Large-scale analysis of genome and transcriptome alterations in multiple tumors unveils novel cancer-relevant splicing networks

• Published in: Genome research Vol. 26; no. 6; pp. 732 - 744
• Main Authors: Sebestyén, Endre, Singh, Babita, Miñana, Belén, Pagès, Amadís, Mateo, Francesca, Pujana, Miguel Angel, Valcárcel, Juan, Eyras, Eduardo
• Format: Journal Article
• Language: English
• Published: United States Cold Spring Harbor Laboratory Press (CSHL Press) 01.06.2016; Cold Spring Harbor Laboratory Press
• Subjects: Alternative Splicing; Amino Acid Motifs; Binding Sites; Cell Proliferation; Gene Expression Profiling; Gene Expression Regulation, Neoplastic; Genome, Human; Humans; Mutation; Neoplasms - genetics; Neoplasms - metabolism; RNA Splicing Factors - physiology; Transcriptome
• ISSN: 1088-9051; 1549-5469; 1549-5469
• DOI: 10.1101/gr.199935.115

Alternative splicing is regulated by multiple RNA-binding proteins and influences the expression of most eukaryotic genes. However, the role of this process in human disease, and particularly in cancer, is only starting to be unveiled.

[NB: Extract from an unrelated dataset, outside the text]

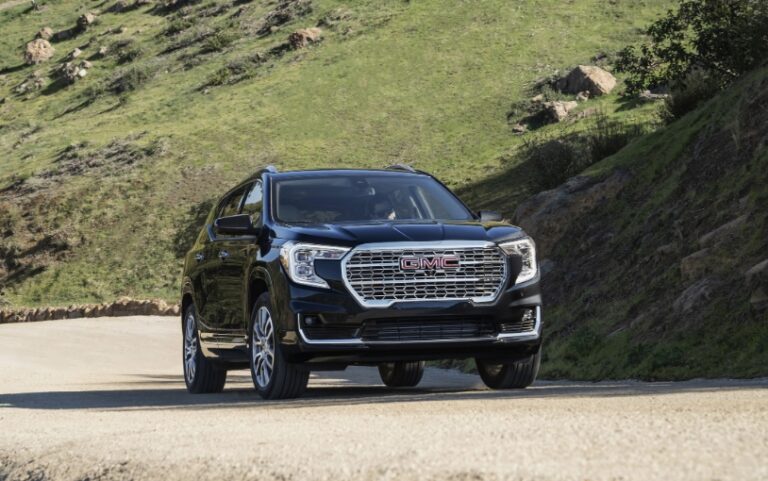 2025 GMC Terrain Denali Pictures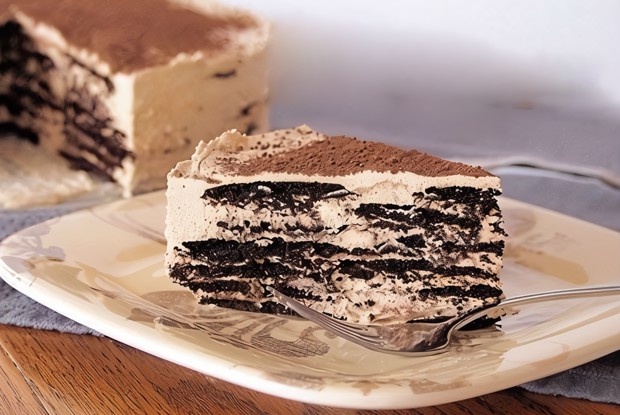 Кофейный десерт из вафель и крема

We systematically analyzed mutation, copy number, and gene expression patterns of 1348 RNA-binding protein (RBP) genes in 11 solid tumor types, together with alternative splicing changes in these tumors and the enrichment of binding motifs in the alternatively spliced sequences. Our comprehensive study reveals widespread alterations in the expression of RBP genes, as well as novel mutations and copy number variations in association with multiple alternative splicing changes in cancer drivers and oncogenic pathways. Remarkably, the altered splicing patterns in several tumor types recapitulate those of undifferentiated cells. These patterns are predicted to be mainly controlled by MBNL1 and involve multiple cancer drivers, including the mitotic gene NUMA1 . We show that NUMA1 alternative splicing induces enhanced cell proliferation and centrosome amplification in nontumorigenic mammary epithelial cells. Our study uncovers novel splicing networks that potentially contribute to cancer development and progression.